#### WHAT THE TASK ASKS:
Retype the data exactly, skipping any picture in it.

#### RAW DATA:
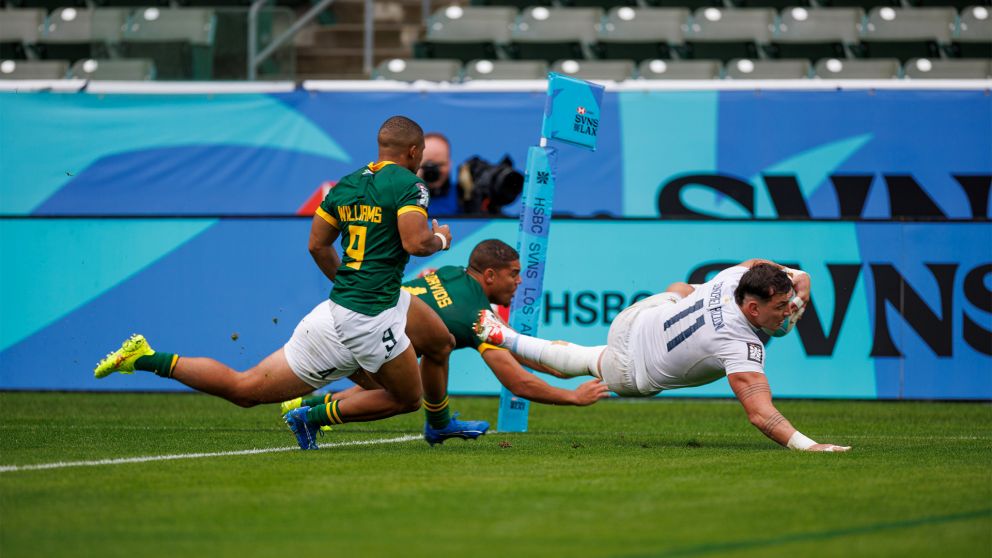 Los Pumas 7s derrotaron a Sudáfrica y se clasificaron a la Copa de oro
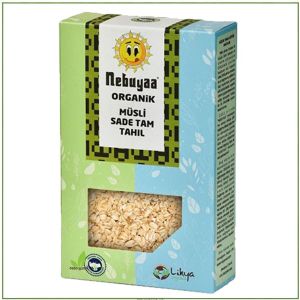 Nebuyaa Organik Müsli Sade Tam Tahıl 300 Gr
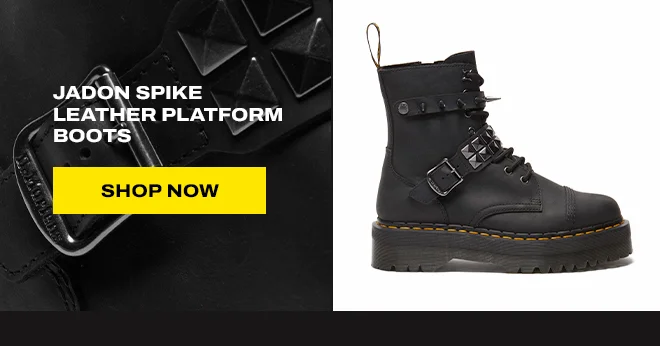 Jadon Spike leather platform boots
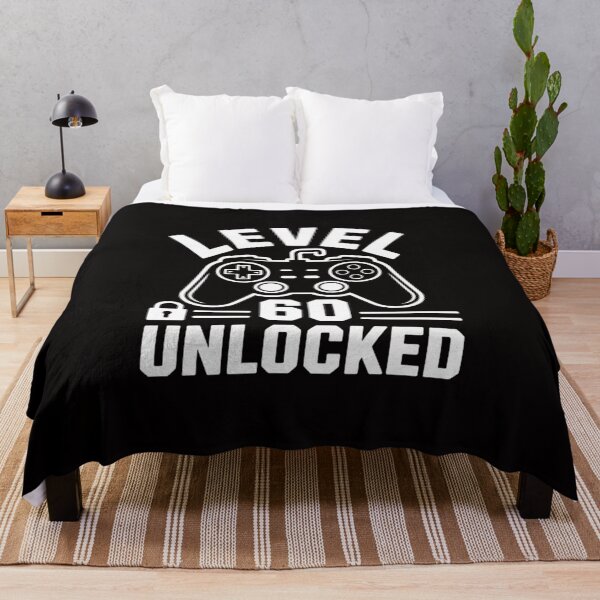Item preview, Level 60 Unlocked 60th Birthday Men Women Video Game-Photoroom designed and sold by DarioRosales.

#### RESULT OF THE TASK:
 Los Pumas 7s derrotaron a Sudáfrica y se clasificaron a la Copa de oro
 Nebuyaa Organik Müsli Sade Tam Tahıl 300 Gr
 Jadon Spike leather platform boots
Item preview, Level 60 Unlocked 60th Birthday Men Women Video Game-Photoroom designed and sold by DarioRosales.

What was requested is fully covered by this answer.